RECORDS FOR THE TASK

⁂

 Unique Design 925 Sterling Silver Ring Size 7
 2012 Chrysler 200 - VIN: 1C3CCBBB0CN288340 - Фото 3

⁂

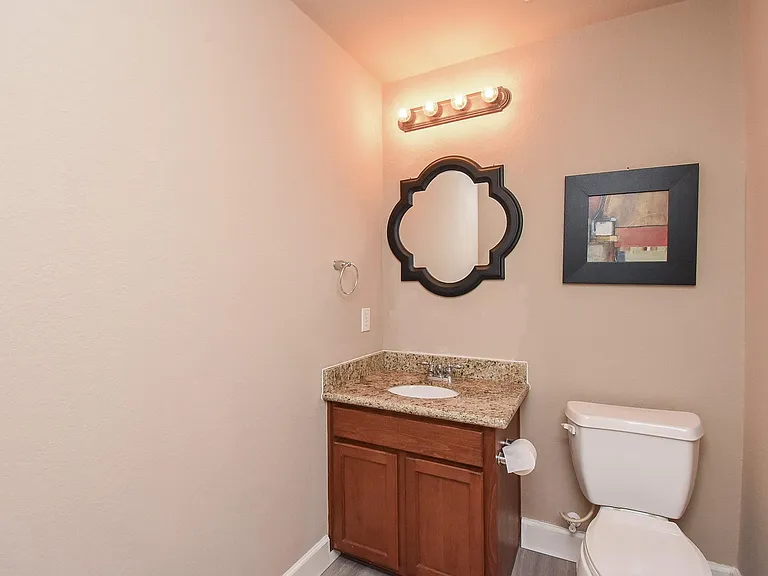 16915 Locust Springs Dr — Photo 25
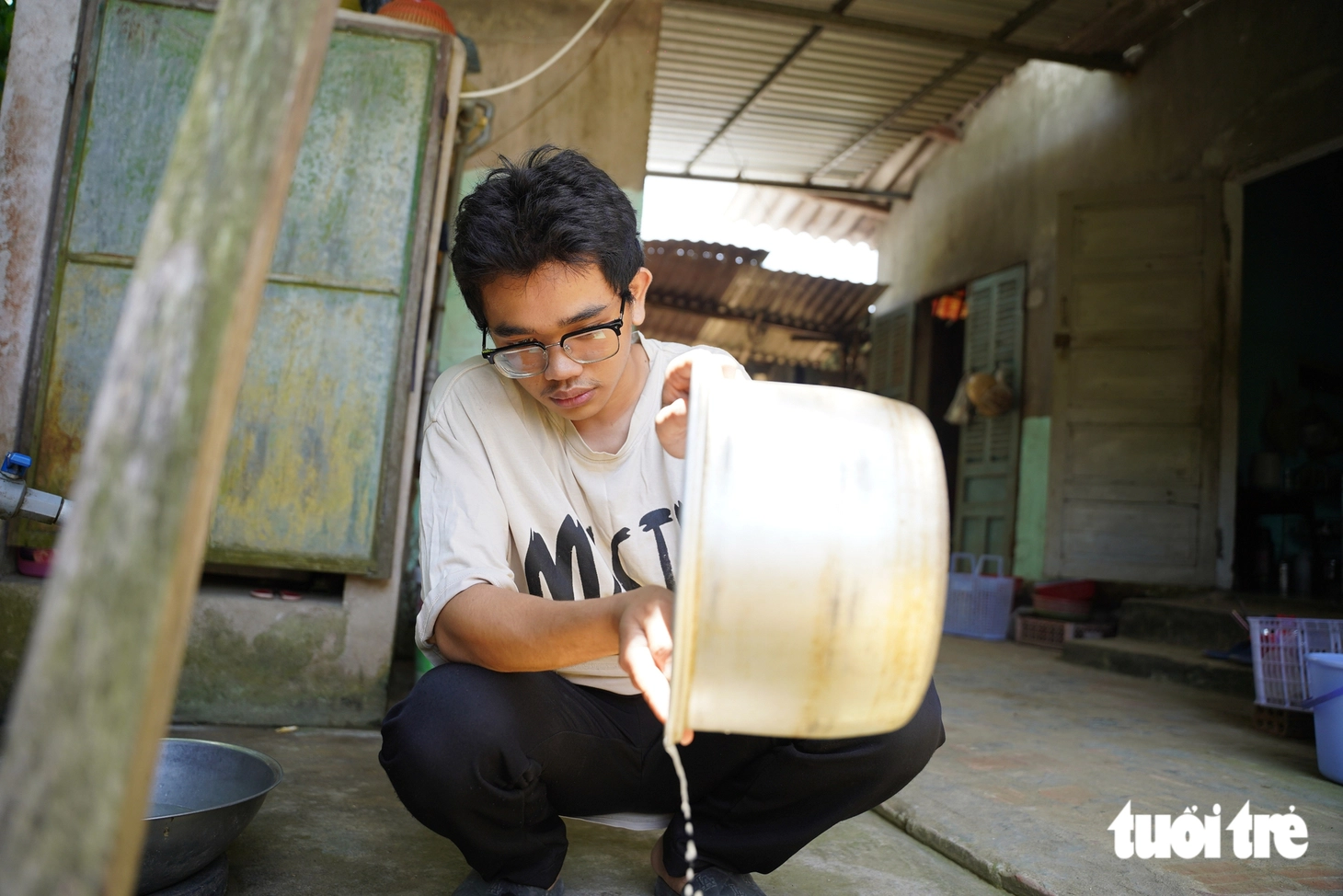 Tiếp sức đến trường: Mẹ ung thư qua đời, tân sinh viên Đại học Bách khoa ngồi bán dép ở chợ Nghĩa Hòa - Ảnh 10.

⁂

PROBLEM STATEMENT
Write out again exactly the lines above from the one with "16915 Locust Springs Dr — Photo 25" through the one with "Tiếp sức đến", adding no other lines and no pictures.

COMPLETED EXERCISE
 16915 Locust Springs Dr — Photo 25
 Tiếp sức đến trường: Mẹ ung thư qua đời, tân sinh viên Đại học Bách khoa ngồi bán dép ở chợ Nghĩa Hòa - Ảnh 10.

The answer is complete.